A catalog of tens of thousands of viruses from human metagenomes reveals hidden associations with chronic diseases, 2021, Tisza and Buck

Despite remarkable strides in microbiome research, the viral component of the microbiome has generally presented a more challenging target than the bacteriome. This gap persists, even though many thousands of shotgun sequencing runs from human metagenomic samples exist in public databases, and all of them encompass large amounts of viral sequence data. The lack of a comprehensive database for human-associated viruses has historically stymied efforts to interrogate the impact of the virome on human health. This study probes thousands of datasets to uncover sequences from over 45,000 unique virus taxa, with historically high per-genome completeness. Large publicly available case-control studies are reanalyzed, and over 2,200 strong virus–disease associations are found.
 
Interesting paper from a couple of researchers from the Laboratory of Cellular Oncology, National Cancer Institute, NIH, Bethesda.

I've copied the bits I found most interesting and understandable (which was not the methodology). It sounds like substantial advances are being made in techniques to find bits of virus genome, and to identify them against databases of known viruses.

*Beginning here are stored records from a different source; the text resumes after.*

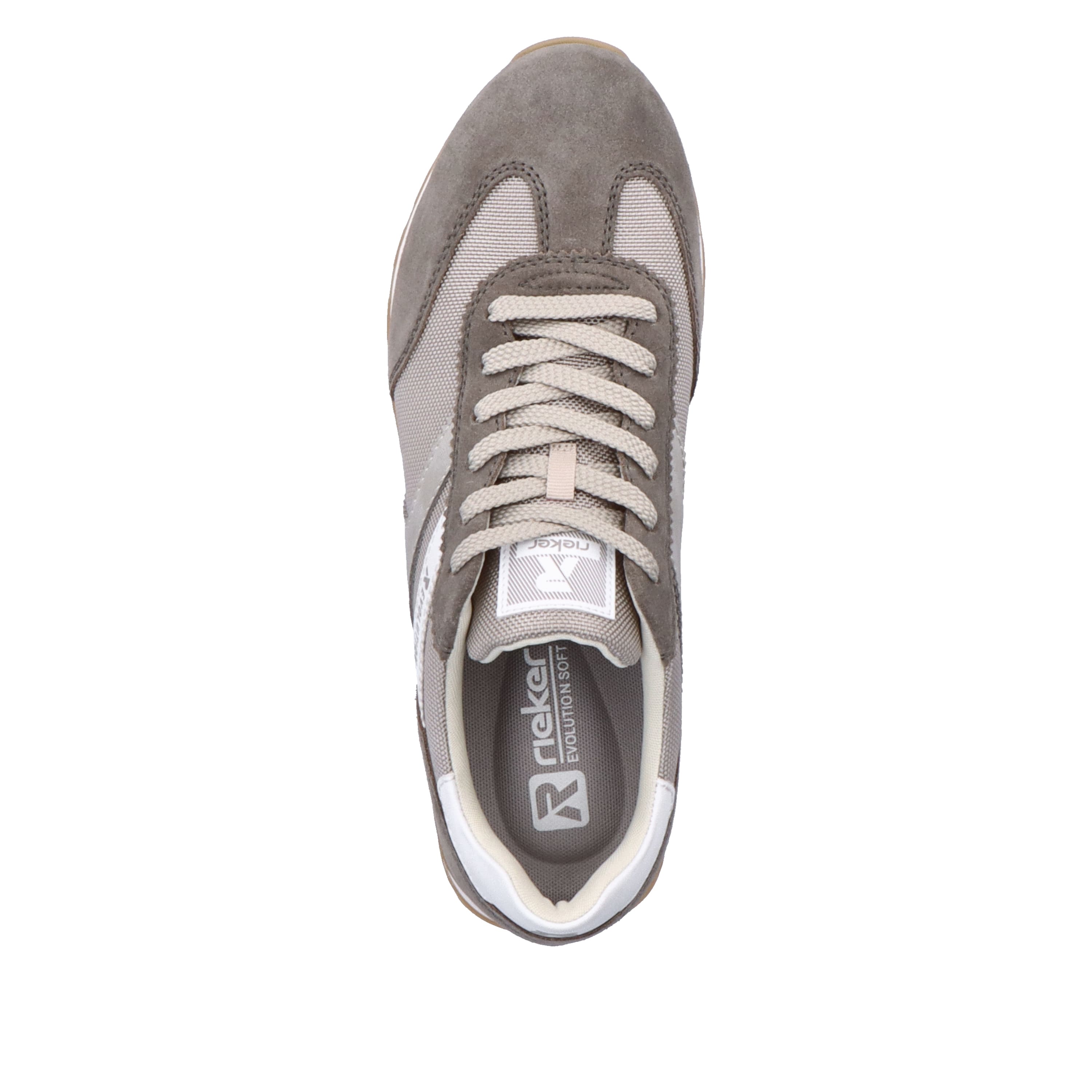 Rieker Herren Sneaker Low shadow-grey clay-beige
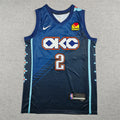 Shai Gilgeous-Alexander #2 Oklahoma City Thunder City Edition Swingman Jersey – Navy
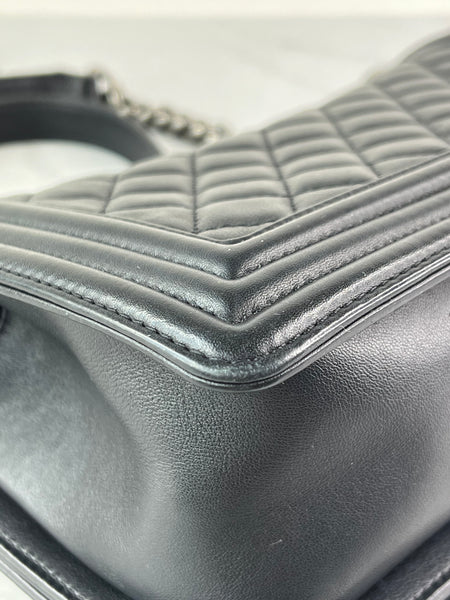 CHANEL Black Medium Boy Bag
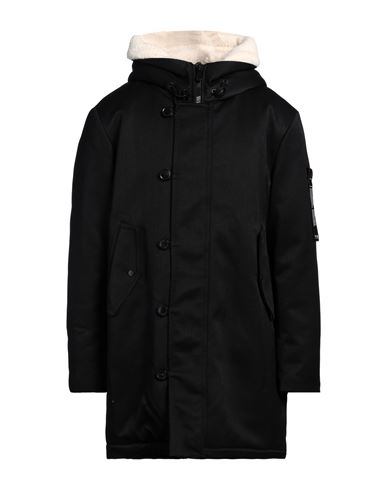 Peuterey Man Puffer Black Size Xxl Wool, Polyamide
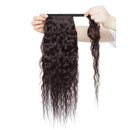 Curly Ponytail Extensions Corn Wave Pony Tails Wavy Ponytails Hair Piece With Magic Paste Fluffy Brazilian Virgin Black Ponytail Hair Clip In Pony Hair For Black Women 20"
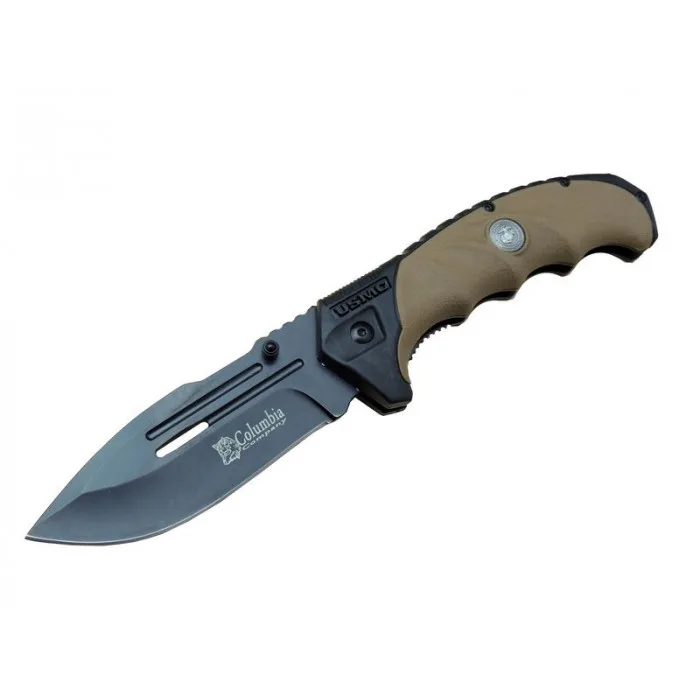 Columbia G10 Çakı Kahve – 22 cm Tek Elle Açılabilen Çakı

Phages can materially change how bacteria interact with the human body
To this effect, prophages often encode genes that can dramatically alter the phenotype of the bacteria, such as toxins (17), virulence factors (18), antibiotic resistance genes (19), photosystem components (20), other auxiliary metabolic genes (21), and CRISPR-Cas systems (22), along with countless genes of unknown function.
There have been a few documented cases in which phages have been shown to be mechanistically involved in human health and disease, sometimes through direct interactions with human cells. This includes roles in increased bacterial virulence (17), response to cancer immunotherapy (23), clearance of bacterial infection (24), and resistance to antibiotics (25). Furthermore, phage therapy, the targeted killing of specific bacteria using live phage particles, has shown increasing promise for treatment of antibiotic-resistant bacterial infections (26). Considering the progress already made, phages represent attractive targets of and tools for microbiome restructuring in the interest of improving health outcomes.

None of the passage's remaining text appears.